Eso esencial hace poco tiempo fue reafirmado por el Concilio y por documentos consagrados a su auténtica interpretación en esta materia. Conocéis bien eso esencial, que es:

1) La vida religiosa es una "schola dominici servitii", según la hermosa fórmula de San Benito (Regula, pr. 45), un aplicado, amoroso, perseverante aprendizaje de quien sólo pretende una cosa en la vida: servir al Señor. En la perspectiva de este servicio se alinean todas las demás dimensiones de la vida religiosa tales como las subraya el Concilio Vaticano II.

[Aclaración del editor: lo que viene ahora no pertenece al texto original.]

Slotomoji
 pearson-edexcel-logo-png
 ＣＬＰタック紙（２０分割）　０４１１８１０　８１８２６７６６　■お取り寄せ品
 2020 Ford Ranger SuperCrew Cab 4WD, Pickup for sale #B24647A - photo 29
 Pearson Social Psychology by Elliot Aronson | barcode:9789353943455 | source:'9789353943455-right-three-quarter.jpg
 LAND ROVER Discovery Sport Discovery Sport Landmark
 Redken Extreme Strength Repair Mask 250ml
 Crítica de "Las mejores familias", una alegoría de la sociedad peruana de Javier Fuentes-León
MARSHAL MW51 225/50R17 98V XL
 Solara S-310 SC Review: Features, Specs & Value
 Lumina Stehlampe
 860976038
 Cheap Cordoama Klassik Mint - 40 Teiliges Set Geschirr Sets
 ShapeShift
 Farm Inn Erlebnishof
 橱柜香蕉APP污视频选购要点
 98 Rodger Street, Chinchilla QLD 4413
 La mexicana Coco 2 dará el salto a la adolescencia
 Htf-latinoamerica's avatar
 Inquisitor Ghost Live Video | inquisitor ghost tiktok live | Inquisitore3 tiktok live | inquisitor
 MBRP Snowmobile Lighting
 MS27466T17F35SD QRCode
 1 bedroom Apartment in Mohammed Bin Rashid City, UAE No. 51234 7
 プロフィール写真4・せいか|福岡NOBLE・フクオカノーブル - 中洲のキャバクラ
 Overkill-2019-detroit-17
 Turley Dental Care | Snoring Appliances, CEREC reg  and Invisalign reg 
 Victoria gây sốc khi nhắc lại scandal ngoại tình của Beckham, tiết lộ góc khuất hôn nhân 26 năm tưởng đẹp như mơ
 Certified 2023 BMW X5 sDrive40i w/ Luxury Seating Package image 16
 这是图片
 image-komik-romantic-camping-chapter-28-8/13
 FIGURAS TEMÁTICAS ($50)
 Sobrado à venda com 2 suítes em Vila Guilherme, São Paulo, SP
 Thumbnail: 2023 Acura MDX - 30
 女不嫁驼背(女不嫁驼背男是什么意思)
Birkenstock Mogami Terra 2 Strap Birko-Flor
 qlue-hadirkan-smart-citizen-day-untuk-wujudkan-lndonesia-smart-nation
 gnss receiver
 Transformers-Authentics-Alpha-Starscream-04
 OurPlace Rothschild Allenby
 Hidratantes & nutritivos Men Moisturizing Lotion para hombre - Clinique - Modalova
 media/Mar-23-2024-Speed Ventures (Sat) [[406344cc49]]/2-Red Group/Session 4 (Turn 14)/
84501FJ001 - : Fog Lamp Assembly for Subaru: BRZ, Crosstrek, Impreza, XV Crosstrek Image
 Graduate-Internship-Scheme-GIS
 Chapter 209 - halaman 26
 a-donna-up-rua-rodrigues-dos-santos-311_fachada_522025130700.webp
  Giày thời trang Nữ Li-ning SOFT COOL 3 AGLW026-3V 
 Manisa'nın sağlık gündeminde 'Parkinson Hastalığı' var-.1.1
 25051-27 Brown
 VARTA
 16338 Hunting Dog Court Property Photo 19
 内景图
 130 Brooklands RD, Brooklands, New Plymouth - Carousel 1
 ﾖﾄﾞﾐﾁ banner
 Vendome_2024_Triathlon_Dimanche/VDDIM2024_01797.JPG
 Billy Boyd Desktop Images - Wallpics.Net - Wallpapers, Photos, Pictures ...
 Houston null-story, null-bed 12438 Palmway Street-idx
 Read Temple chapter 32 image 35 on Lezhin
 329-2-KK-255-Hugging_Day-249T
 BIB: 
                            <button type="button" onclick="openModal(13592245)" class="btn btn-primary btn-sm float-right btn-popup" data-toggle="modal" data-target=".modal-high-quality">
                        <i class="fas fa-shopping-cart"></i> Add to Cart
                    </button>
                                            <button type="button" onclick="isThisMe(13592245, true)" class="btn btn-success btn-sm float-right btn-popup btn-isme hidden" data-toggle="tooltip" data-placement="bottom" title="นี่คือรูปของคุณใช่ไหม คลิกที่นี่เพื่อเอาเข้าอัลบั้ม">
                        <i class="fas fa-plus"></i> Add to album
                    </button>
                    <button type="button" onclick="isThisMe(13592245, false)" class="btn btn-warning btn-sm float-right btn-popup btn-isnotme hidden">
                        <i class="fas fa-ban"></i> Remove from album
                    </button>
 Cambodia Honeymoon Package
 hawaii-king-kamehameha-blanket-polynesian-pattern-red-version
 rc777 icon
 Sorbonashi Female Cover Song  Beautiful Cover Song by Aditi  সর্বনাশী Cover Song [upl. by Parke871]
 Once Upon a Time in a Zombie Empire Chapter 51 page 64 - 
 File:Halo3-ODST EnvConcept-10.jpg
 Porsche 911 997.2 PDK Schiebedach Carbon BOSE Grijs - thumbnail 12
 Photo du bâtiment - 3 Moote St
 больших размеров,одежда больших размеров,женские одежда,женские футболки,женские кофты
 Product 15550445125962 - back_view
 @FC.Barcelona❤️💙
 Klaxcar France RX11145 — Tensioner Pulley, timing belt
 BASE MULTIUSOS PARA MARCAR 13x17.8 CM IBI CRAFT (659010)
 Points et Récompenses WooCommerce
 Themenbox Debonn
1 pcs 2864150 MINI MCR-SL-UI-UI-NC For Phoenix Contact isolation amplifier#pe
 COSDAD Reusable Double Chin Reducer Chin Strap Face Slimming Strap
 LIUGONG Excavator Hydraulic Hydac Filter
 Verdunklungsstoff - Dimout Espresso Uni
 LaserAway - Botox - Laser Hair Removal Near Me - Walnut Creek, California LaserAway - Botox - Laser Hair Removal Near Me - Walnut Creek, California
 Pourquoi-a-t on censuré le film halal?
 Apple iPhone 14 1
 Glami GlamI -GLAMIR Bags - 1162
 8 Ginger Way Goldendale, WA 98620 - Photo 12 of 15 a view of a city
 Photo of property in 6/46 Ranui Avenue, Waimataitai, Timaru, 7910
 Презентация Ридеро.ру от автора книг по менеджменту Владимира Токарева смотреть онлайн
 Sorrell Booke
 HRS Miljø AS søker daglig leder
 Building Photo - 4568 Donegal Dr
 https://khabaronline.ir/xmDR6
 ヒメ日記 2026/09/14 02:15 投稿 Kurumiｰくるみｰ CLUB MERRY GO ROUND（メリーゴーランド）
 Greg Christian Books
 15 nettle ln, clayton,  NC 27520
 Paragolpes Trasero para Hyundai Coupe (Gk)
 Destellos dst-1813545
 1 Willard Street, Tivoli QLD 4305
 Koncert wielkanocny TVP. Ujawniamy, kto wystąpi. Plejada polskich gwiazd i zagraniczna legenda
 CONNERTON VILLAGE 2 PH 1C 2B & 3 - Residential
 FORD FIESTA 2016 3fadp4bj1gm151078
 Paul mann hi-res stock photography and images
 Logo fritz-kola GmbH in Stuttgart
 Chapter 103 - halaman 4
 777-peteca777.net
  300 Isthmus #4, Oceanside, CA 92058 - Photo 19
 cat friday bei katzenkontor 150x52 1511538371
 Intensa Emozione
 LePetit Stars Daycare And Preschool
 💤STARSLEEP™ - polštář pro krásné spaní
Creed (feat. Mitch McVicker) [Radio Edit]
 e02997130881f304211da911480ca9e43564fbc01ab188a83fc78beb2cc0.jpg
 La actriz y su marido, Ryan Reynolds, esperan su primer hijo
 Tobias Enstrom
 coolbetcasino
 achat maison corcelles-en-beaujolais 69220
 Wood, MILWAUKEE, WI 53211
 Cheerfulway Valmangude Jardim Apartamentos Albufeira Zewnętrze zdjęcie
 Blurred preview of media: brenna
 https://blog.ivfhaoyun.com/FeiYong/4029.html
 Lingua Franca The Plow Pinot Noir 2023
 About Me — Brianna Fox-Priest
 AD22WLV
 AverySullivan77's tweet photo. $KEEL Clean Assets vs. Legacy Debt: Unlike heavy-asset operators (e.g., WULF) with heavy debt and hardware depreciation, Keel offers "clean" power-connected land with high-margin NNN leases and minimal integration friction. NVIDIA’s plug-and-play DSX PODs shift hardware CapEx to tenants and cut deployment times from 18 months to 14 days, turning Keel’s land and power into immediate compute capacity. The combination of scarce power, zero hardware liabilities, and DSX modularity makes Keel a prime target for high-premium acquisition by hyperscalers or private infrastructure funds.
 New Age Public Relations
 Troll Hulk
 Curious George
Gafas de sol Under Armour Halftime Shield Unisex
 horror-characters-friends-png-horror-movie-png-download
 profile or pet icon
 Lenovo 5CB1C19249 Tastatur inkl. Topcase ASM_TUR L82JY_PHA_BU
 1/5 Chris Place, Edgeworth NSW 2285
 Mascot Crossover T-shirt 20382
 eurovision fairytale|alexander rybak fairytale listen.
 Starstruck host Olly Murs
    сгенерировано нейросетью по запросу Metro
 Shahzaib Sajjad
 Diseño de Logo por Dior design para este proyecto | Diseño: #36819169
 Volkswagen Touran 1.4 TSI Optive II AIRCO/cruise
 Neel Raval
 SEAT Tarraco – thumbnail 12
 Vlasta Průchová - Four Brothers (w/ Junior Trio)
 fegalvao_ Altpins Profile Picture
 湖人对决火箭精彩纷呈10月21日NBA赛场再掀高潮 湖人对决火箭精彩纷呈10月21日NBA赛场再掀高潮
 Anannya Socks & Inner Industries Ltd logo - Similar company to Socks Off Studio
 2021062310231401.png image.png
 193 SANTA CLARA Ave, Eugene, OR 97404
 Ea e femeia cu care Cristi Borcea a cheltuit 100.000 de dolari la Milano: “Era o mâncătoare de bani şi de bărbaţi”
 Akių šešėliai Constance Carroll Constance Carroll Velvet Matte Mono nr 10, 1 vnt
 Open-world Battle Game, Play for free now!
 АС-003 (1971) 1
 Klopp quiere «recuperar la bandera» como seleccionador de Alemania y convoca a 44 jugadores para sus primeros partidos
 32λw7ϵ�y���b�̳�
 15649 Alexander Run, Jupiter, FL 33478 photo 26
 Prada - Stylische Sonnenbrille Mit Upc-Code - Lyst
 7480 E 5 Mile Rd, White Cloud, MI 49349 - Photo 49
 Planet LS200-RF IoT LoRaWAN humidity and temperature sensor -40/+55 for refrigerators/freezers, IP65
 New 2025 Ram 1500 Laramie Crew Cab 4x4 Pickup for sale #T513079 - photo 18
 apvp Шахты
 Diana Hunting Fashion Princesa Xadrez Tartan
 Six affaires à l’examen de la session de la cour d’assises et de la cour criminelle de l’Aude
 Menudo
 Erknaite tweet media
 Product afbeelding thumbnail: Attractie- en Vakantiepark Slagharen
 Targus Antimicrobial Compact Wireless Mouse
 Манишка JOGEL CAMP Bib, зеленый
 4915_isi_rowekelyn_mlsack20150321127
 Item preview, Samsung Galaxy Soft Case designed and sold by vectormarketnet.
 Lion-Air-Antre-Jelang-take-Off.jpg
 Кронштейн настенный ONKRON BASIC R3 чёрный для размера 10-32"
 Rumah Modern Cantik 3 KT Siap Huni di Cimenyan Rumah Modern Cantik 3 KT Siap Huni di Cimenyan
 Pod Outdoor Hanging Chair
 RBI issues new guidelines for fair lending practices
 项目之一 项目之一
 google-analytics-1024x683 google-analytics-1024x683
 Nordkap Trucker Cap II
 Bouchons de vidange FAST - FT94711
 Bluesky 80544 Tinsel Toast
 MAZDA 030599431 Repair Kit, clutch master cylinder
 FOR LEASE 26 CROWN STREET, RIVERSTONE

2) La vida religiosa, enseña el Concilio, no se coloca en la Iglesia en el plano de las estructuras institucionales (no es un grado jerárquico ni se añade como un tercer elemento entre Pastores y laicos), sino en la línea de los carismas y, más exactamente, en el dinamismo de esa santidad que es la vocación primordial de la Iglesia. La razón primera por la que un cristiano se hace religioso no es para adquirir un puesto en la Iglesia, una responsabilidad o una tarea, sino para santificarse. Esta es su tarea y su responsabilidad, "el resto le será dado por añadidura". Este es su servicio a la Iglesia: ella necesita esta escuela de santidad para realizar concretamente su propia vocación de santidad.

3) Si el testimonio que se espera del laico es el de la secularidad, de la acción en las realidades temporales, el testimonio connatural a la vida religiosa en general y a cada religioso en particular es el de las bienaventuranzas vividas diariamente; el del Absoluto de Dios ante el cual todo lo demás, hasta las tareas temporales más importantes, se hace visceralmente relativo; es por tanto el testimonio de lo invisible y, finalmente el de la Parusía, que ya en esta vida debe ser vivida en la esperanza.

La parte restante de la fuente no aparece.